Un francés de mediana edad, burgués y bohemio, entra en una crisis existencial luego de que su novia se diera cuenta de algo que el espectador descubre en el segundo minuto de El brindis: Adrien, a sus 35 años, es un tipo insoportable, ególatra y superadito, que mira a su familia con desprecio aun cuando ni su madre, ni su padre, ni su hermana ni su cuñado hagan demasiado para merecerlo.
O quizás sí lo merecen, porque la hermana no tiene mejor idea que pedirle que dé un discurso en la inminente boda con su novio.

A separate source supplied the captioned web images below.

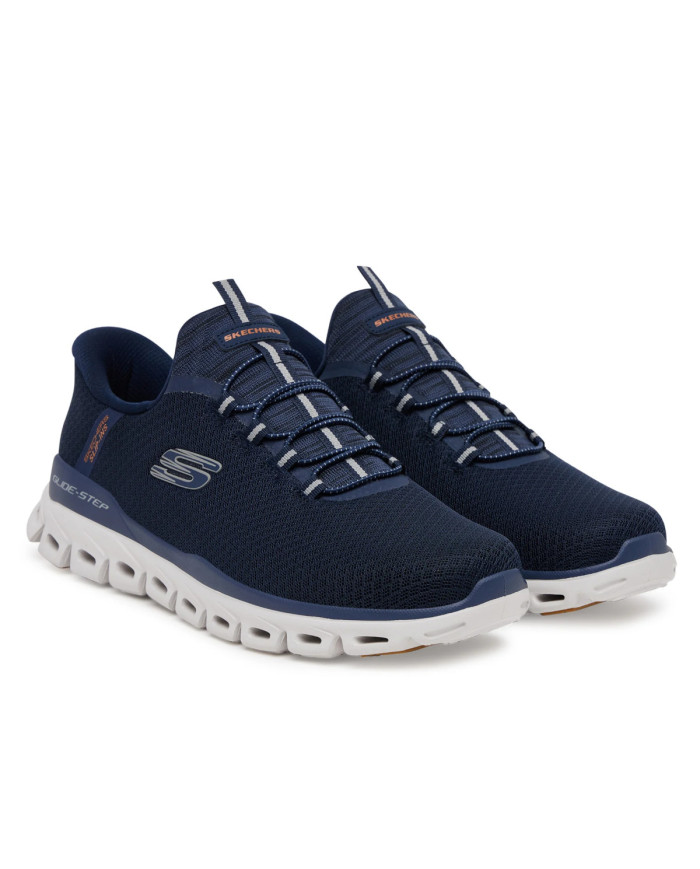 Skechers Męskie Sneakersy Glide-step Noxus 233010NVY Granatowy | Sklep Monotox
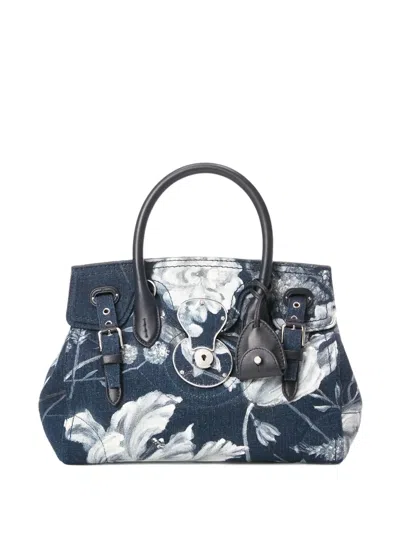 Ralph Lauren Floral Tote Bag In White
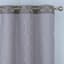 Cayman Grey Embroidered Sheer Grommet Curtain Panel, 84"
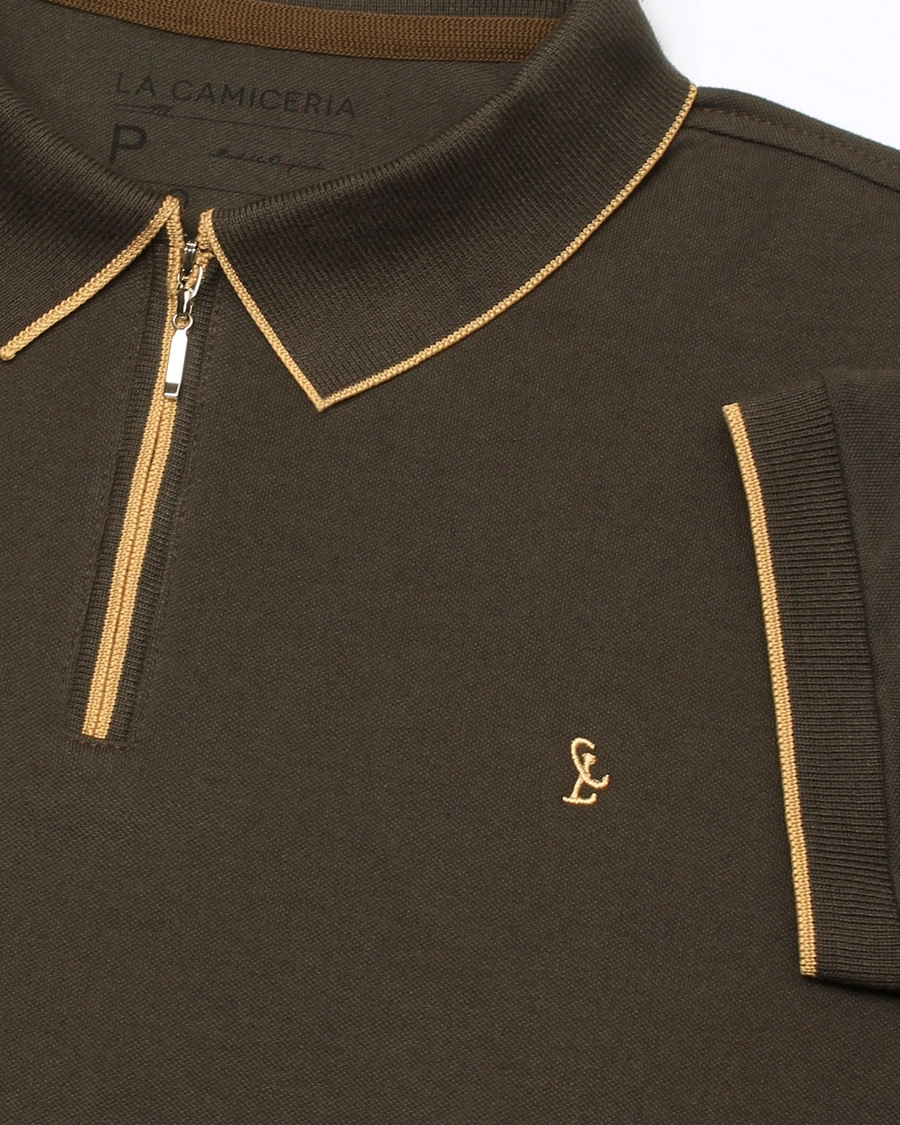 Polo Piquet Zipper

Y así arranca, entonces, el viaje mental de este hombre durante el que reflexiona sobre distintos aspectos de su vida –ninguna reflexión es asertiva, mucho menos interesante– y ensaya diversas variantes posibles sobre el mencionado discurso.
Variantes cuyo artificio es evidenciado con el inédito recurso de romper la cuarta pared para hablarle directoramente al espectador. ¿Un treintañero en crisis, con un desprecio por casi todo, rompiendo la cuarta pared para agregar notas al pie? Suena conocido: Phoebe Waller-Bridge lo hizo en la serie Fleabag. Y lo hizo mejor: con más veneno, con más fineza observacional y, sobre todo, con una impronta de comedia negra notable.
Nada de eso tiene El brindis, una comedia menor con un protagonista que repele cualquier intento de empatía y con pasos humorísticos que difícilmente causen gracia.